Re: Questions about DC's relaunch

Posted: Sat Dec 01, 2012 5:52 pm
by RoIIo Tomassi
I quickly read those two Deathstroke issues. Absolute shit. The first thing Rob does is surround Slade with a team of generic, cocky Youngblood rejects. Tigorr, the alien cat guy! Primus, the telekinetic! Kalista, the magician babe!
His art still and always look likes balloon animals tied together. The man is also allergic to any kind of background in his panels. Unless you count wafting smoke and shit.

Rob. Buddy. Thanks for the hotdog and everything. But seriously, stop doing comics. Open up a used furniture store or something. Become an assistant manager at your local GameStop. Whatever. Just quit wrecking the comics profession. You clown.
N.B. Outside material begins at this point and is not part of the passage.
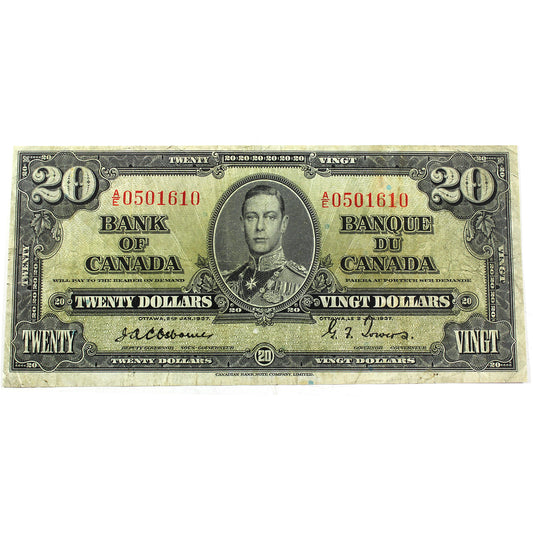 BC-25a 1937 Canada $20 Osborne-Towers, A/E. Very Fine (VF20) Trim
Re: Questions about DC's relaunch

Posted: Sat Dec 01, 2012 10:47 pm
by anarky
Primus? Was he ripping off Transformers or Les Claypool? :lol:

Re: Questions about DC's relaunch

Posted: Sun Dec 02, 2012 12:01 am
by RoIIo Tomassi
It occurs to me that while I'm reading Liefeld I'm trying very hard to give him the benefit of the doubt and perhaps find some small amount of anything decent in the book. As if I'm aware of my own bias against him and I'm overcompensating to be objective when I read it.
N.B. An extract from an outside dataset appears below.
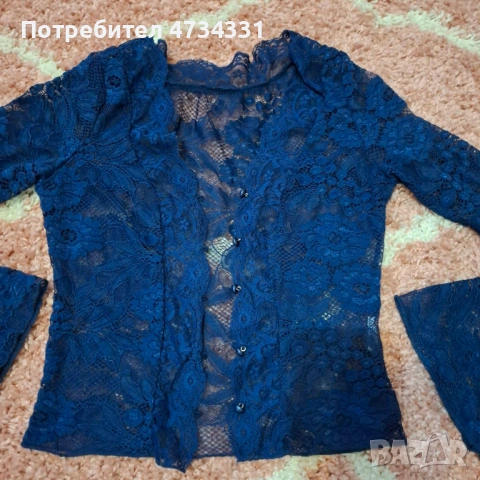 Болеро синъо от дантела, снимка 3 - Корсети, бюстиета, топове - 53851134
But at the end of it, it's still utter shite.

Re: Questions about DC's relaunch

Posted: Sun Dec 02, 2012 12:25 am
by anarky
I swear, I don't think he'd be willing to do it, but I'd love nothing more (okay, maybe a lot of stuff more, but bear the fuck with me) than for him to hide from the public eye for a year or two, examine every criticism everyone has of him, work on his craft (maybe even taking an anatomy class--I'm dead serious; you know he's never had one and I'm not saying that to be mean or anything), put together some amazing comic book, and not solicit it until he has five issues in the bag so that it won't be late. The man loves what he does, if he had the discipline to do it, he could be pretty kickass.

He just won't ever do that. He'll keep soliciting half-finished suck-ass Youngblood bullshit and being the brunt of all our jokes until he dies, wondering why he's not more respected than Kirby or Eisner.